We’re spilling our deepest traumas by the second drink but struggling to ask for a second date. Exploring the rise of the performative overshare.
We have entered an era of what I like to call "The Great Disclosure." Many readers tell us that their first dates no longer feel like lighthearted introductory rounds of golf, but rather like depositions for a high-stakes emotional lawsuit. Before the appetizers have even cooled, we are often privy to a stranger’s complicated relationship with their father, the exact timeline of their most recent existential crisis, or a detailed breakdown of their attachment style. On the surface, this feels like progress. We’ve spent decades being told that vulnerability is the key to connection, and we’ve finally taken the advice to heart.
Yet, there is a curious paradox at play in the modern dating landscape. While we are more willing than ever to share our "shadow selves" with people we barely know, we seem increasingly incapable of the kind of boring, sustained intimacy that keeps a relationship alive after the initial shock of honesty wears off. We are oversharing our pasts to avoid the terrifying uncertainty of our presents.
The Performative Deep Dive
In psychology, the "vulnerability hangover" usually refers to the shame we feel after revealing too much. But in the current dating culture, we’ve developed a sort of immunity to that hangover by turning vulnerability into a performance. When we lead with our traumas or our most significant flaws, we aren't necessarily seeking connection; we are often seeking a preemptive strike.

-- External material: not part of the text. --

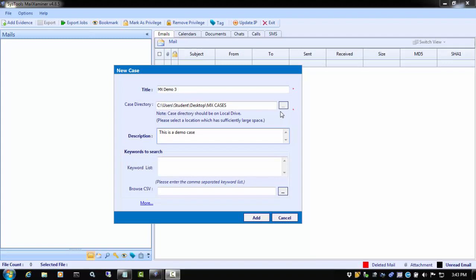As an example, let's say that you are the neutral evidence custodian in a civil case. One of your tasks may be to provide to the plaintiff responsive files that the defendant agreed to turn over based on keywords and a date range that were decided on in a meet and confirm meeting. You could import those keywords at case creation and have them automatically search during case processing. You could then simply export the responsive files for review.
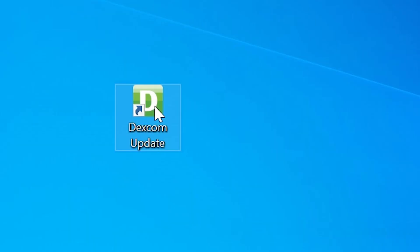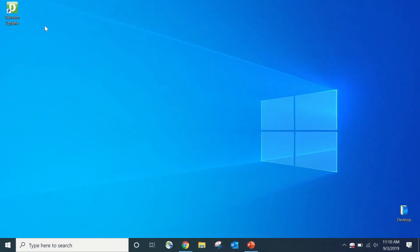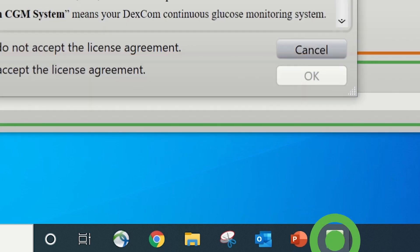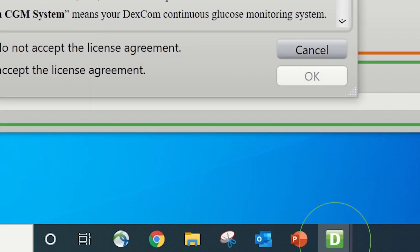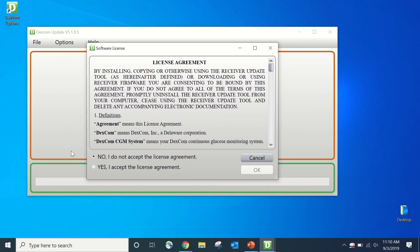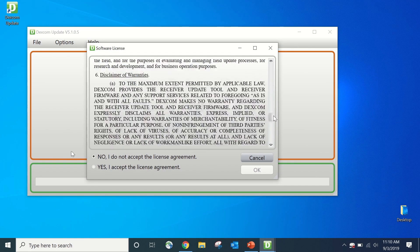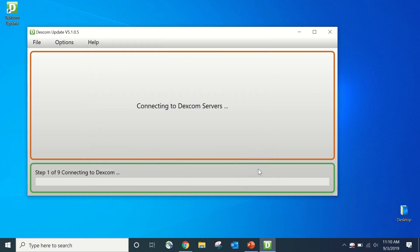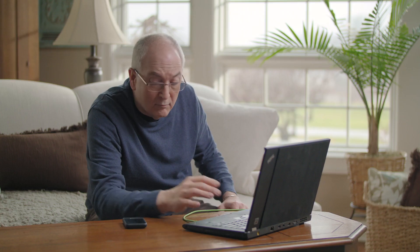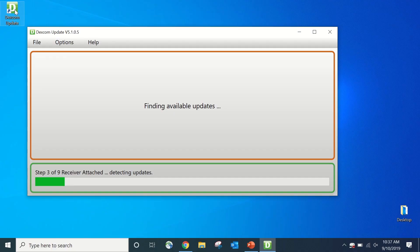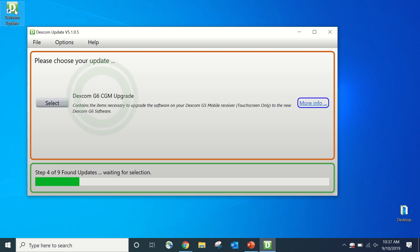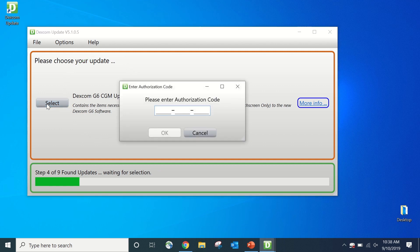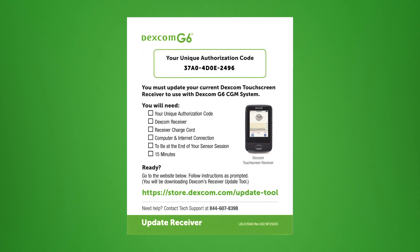First, double click on the Dexcom update tool icon, which will be located on your desktop. If you have a Mac, it will appear in the lower right corner of your screen within the toolbar, or you can open Finder to search for the Dexcom tool. The software license agreement may pop up — after reading through it, select Yes and then OK to accept. Connect your receiver to your computer with the receiver charger cable plugged into your computer's USB port. Once your receiver is connected, the tool will check for updates. Select the Dexcom G6 CGM upgrade, then enter the 12-digit authorization code provided by Dexcom and click OK.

The logic is seductive: If I tell you the worst things about me in the first hour, and you stay, then I am safe. It functions as a screening mechanism, a way to weed out the faint of heart before we’ve actually invested any real time. But true intimacy isn't a data dump. It is a slow-release process that requires the building of a container strong enough to hold the information being shared. When we pour a gallon of emotional truth into a thimble-sized acquaintance, the container doesn't expand—it just overflows and leaves a mess.
The Armor of Radical Candor
We see this frequently in the rise of "therapy-speak" in dating profiles and early conversations. People use terms like "holding space," "emotional capacity," and "decentering" as a way to signal psychological literacy. However, this fluency can sometimes act as a sophisticated form of emotional armor. By labeling our behaviors with clinical precision, we create a distance from them. We are no longer experiencing our emotions; we are narrating them.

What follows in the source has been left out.